March 31, 2024 Gratitude

 

Dear Diary,

Today I finished doing something I planned to do since I while ago. Created a spreadsheet with all of my professional network in the US. There were about 50 people in there who had helped me out through conversations, one way or the other. That was a heavily filtered list, but yes, there it was, 50 highest out of the many many people who had helped me out one way or the other... After almost 3 years of being in this country, these were all the people who had put faith in me, my skillsets, and what I could bring to the table. 


I only have gratitude to feel. 


Made a list of friends to see before leaving, bucket list items to do, it's a very small list though. 2 items, maybe 3 at most. A final party maybe? Maybe? 


I'm used to the feelings now. The truth of life is sinking in, I'm not in the honeymoon phase of being in this country. The life ahead is staring at me... 


I'm scared sometimes cause I know the type of smart people I'm surrounded by; they're incredible. but I also think - if I don't show the courage to try to learn something and put up a good fight, what's the point of having given up my home life for whatever I thought I was coming here for?


The vision is very clear for me. I'm no longer clouded by rage, or judgement or any of the ill feelings that used to plague me until some time back. The past year has taught me humility to the core. 

I have some clarity of what I want to do in the near future, what to work on, what work means for me, how to improve myself...I know how to approach things if I feel stuck, how not to feel helpless, when to ask for help before its too late to learn. How to learn things the right way...Some personality improvement lessons too. 
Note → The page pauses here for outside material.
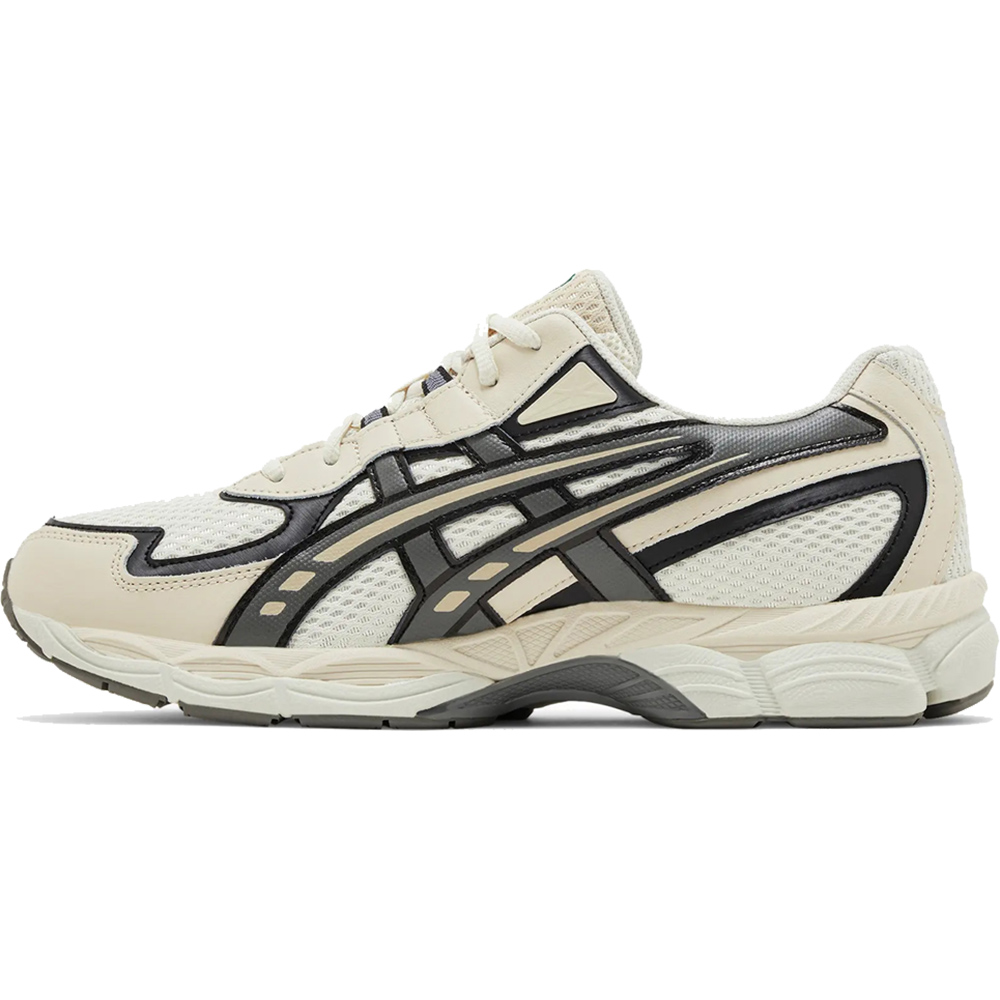 Gel NYC 2055 'Pale Oak Truffle Grey'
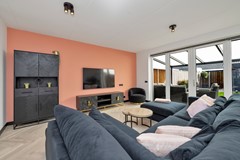 03-Woonkamer-03.jpg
I thank the tough times for teaching me these valuable lessons. 


On the personal front, 

I was checking out my past classmates profiles on LinkedIn as part of my reminiscence tour. I saw Jakob's profile too, but this time, it was just another person. He was no longer on the pedestal; he was another person, one of these people. Flawed in his own human way.


I reached out to Adriano, Shubham, (maybe will say hi to Albert and Dan too before I leave)...all the nice men I had met on this journey, but I was just too distracted  and not in the right mindset to pay attention to. It was nice to just catch up, say hi and have a conversation without any judgement.  They're all beautiful people in their own ways. I can see it, and appreciate it. I am ready to move on. 


.... 


I grew up. 

Not to contradict my humility statement above by saying this, but I am damn proud of myself. It wasn't an easy journey to this point, but here I am. And it won't be any easier going forward, but you take it one step at a time as Renad says. 


Thank you to my family and friends for being by my side.

Life comes in seasons, and I'm ready for the next one.